Enhancing roadway safety has become an essential computer vision focus area for Intelligent Transportation Systems (ITS). As a part of ITS, Vehicle Trajectory Prediction (VTP) aims to forecast a vehicle's future positions based on its past and current movements. VTP is a pivotal element for road safety, aiding in applications such as traffic management, accident prevention, work-zone safety, and energy optimization. While most works in this field focus on autonomous driving, with the growing number of surveillance cameras, another sub-field emerges for surveillance VTP with its own set of challenges. In this paper, we introduce VT-Former, a novel transformer-based VTP approach for highway safety and surveillance. In addition to utilizing transformers to capture long-range temporal patterns, a new Graph Attentive Tokenization (GAT) module has been proposed to capture intricate social interactions among vehicles. This study seeks to explore both the advantages and the limitations inherent in combining transformer architecture with graphs for VTP. Our investigation, conducted across three benchmark datasets from diverse surveillance viewpoints, showcases the State-of-the-Art (SotA) or comparable performance of VT-Former in predicting vehicle trajectories. This study underscores the potential of VT-Former and its architecture, opening new avenues for future research and exploration.

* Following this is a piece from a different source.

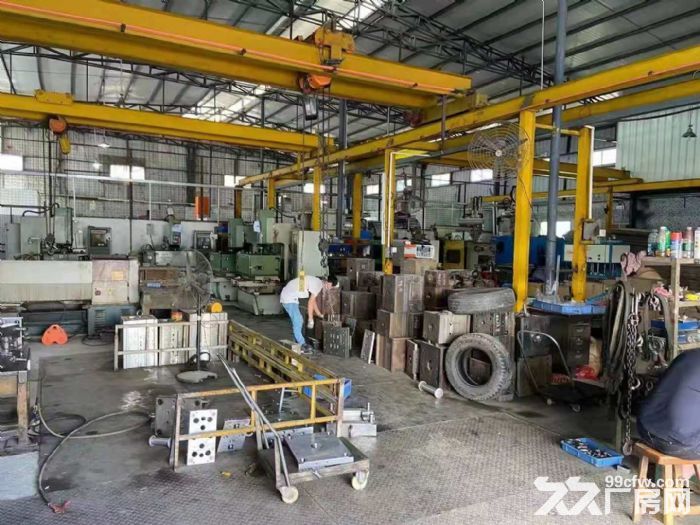 凤岗凤德岭一楼单一层钢构厂房出租750平 带行车精装修办公室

Paper Structure (19 sections, 10 equations, 4 figures, 4 tables)

This paper contains 19 sections, 10 equations, 4 figures, 4 tables.

Figures (4)

  • Figure 1: A conceptual overview of the VT-Former. The input sequence, characterized by an observation horizon denoted as $T_{OH}$, undergoes tokenization via a novel graph-based tokenizer. The resultant tokens are subsequently processed through a transformer-based predictive model to forecast future trajectories.

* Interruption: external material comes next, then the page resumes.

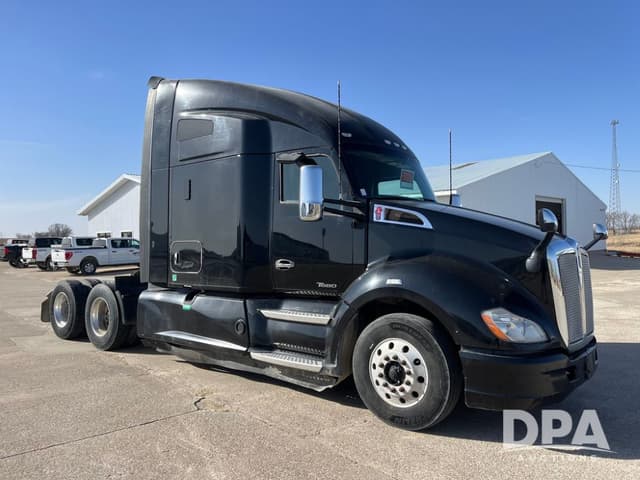 Image of Kenworth T680 equipment image 4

  • Figure 2: VT-Former at a glance: our approach begins with the application of Graph Attentive Tokenization (GAT) to create enriched token sequences that encapsulate social interactions. Subsequently, these enhanced sequences are fed through the Transformer Prediction module, which consists of 8 layers of transformer decoders, each equipped with 4 heads, generating predicted trajectories. VT-Former is an autoregressive sequence-to-sequence model that generates the output in multiple steps. However, for easier visualization, the output tokens are shown in the last step where they are completely generated. $T_{OH}$, $TS_i$, $T_{PH}$, and $PC_i$ denote the observation horizon time, token sequence of the $i^{th}$ vehicle, prediction horizon time, and the predicted trajectory, respectively.
  • Figure 3: Graph Attentive Tokenization (GAT). GAT gets the past trajectory ($C_i$) of each vehicle ($V_i$) over the observation horizon ($T_{OH}$) for each vehicle and calculates the relative movement ($\Delta C_i$). These two components are concatenated and passed through a fully connected layer, expanding the feature maps by a factor of 2. Subsequently, we employ a Graph Network to capture intricate interactions among vehicles within the scene. The output of this Graph Network is further concatenated with the relative movement, accentuating the temporal evolution within the sequence. Finally, to infuse temporal order into the token sequences, we leverage temporal encoding.
  • Figure 4: Qualitative performance of VT-Former on CHD, featuring a scene with a merging lane from the left and a mild right curve. The angle between predicted, observed, and actual trajectories in samples A and B demonstrates VT-Former's ability to predict the correct path with respect to road geometry. However, it struggles with the high acceleration of vehicle 2 in sample B. Samples are cropped for clarity.